News:

Masm32 SDK description, downloads and other helpful links
Message to All Guests
NB: Posting URL's See here: Posted URL Change

Main Menu

Test results for AVX and AVX-512 needed

Started by Gunther, December 21, 2017, 11:43:25 AM

Previous topic - Next topic

aw27

Just to see if the ZMM part works (with my modified ASM used in floatasm), I used the Intel Emulator selecting Icelake CPU.

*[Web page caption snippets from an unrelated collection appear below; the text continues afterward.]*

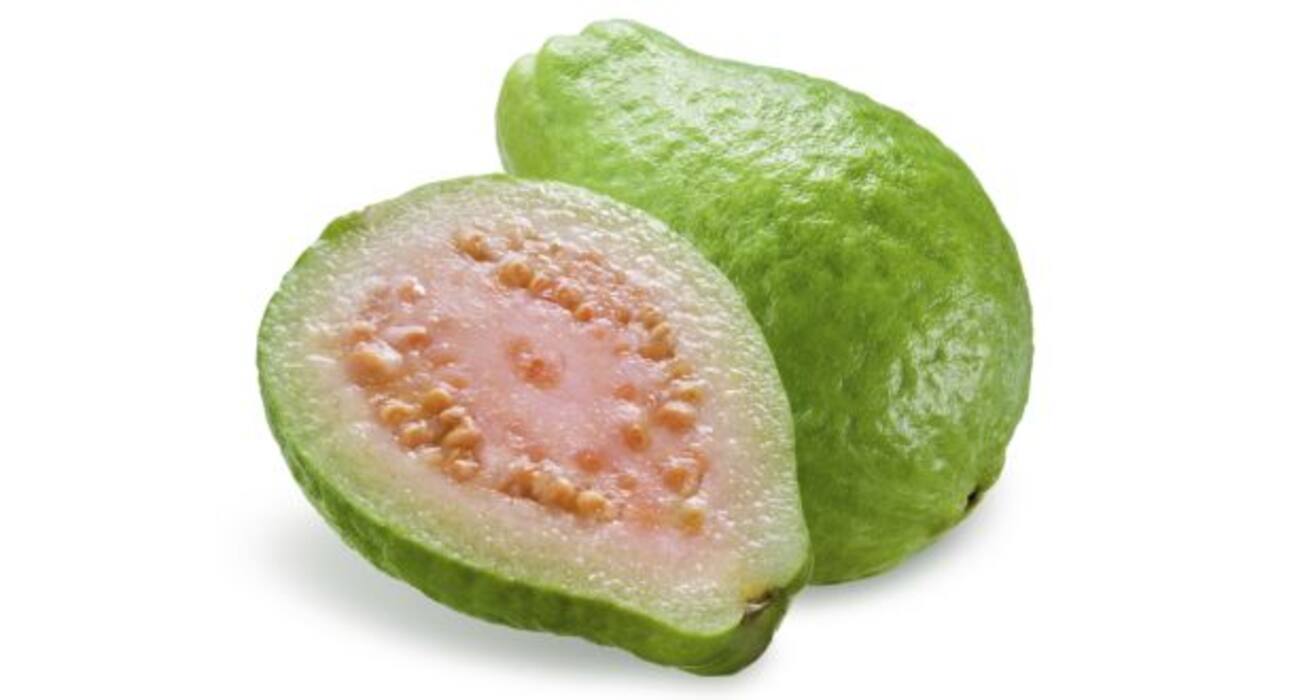 10 Amazing Health Benefits of Guavas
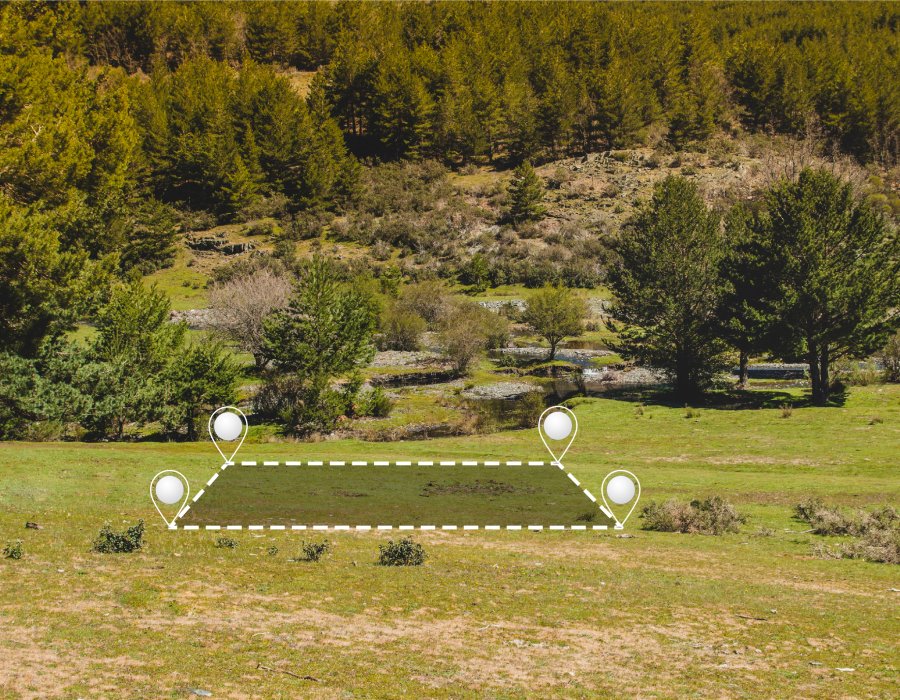 Estimation gratuite de terrain constructible avec délimitation du périmètre et bornage du lot.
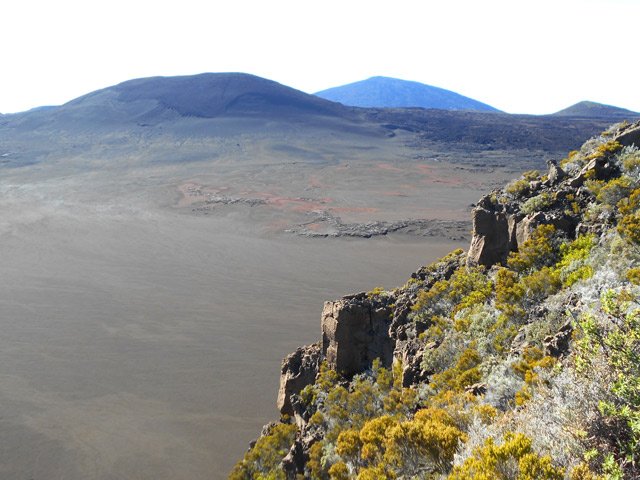 La Fournaise se distingue dans son entier derrière la Plaine des Sables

Calculating the sum of a float array with Intel Emulator (150000 iterations only)...
Emulating Icelake CPU


Simple C implementation:
------------------------
sum1              = 8390656.00
Elapsed Time      = 0.71 Seconds

C implementation with 4 accumulators:
-------------------------------------
sum2              = 8390656.00
Elapsed Time      = 0.28 Seconds
Performance Boost = 252%

Assembly language with 4 XMM accumulators:
------------------------------------------
sum3              = 8390656.00
Elapsed Time      = 0.61 Seconds
Performance Boost = 117%

Assembly Language with 4 YMM accumulators:
------------------------------------------
sum4              = 8390656.00
Elapsed Time      = 0.49 Seconds
Performance Boost = 143%

Assembly Language with 4 ZMM accumulators:
------------------------------------------
sum5              = 8390656.00
Elapsed Time      = 2.85 Seconds
Performance Boost = 25%






Gunther

Thank you for the link, felipe.  :t

aw27,

Did you have any doubt that the ZMM code is not working? Another point: the time for 4 scalar multiplications per loop cycle is 0.28 seconds, while 16 vectorized additions per loop cycle need 0.61 seconds? That's strange.

Gunther
You have to know the facts before you can distort them.

aw27

Not really doubts, I found this more interesting from a programmer's point of view.

Quote
Another point: the time for 4 scalar multiplications per loop cycle is 0.28 seconds, while 16 vectorized additions per loop cycle need 0.61 seconds?
I have not checked how the emulator works, I believe it was not produced with competition in mind, but simply to emulate instructions. This is usually done by single stepping through the code and replace instructions not supported with some routine.

Gunther

Hi aw27,

Quote from: aw27
I have not checked how the emulator works, I believe it was not produced with competition in mind, but simply to emulate instructions. This is usually done by single stepping through the code and replace instructions not supported with some routine.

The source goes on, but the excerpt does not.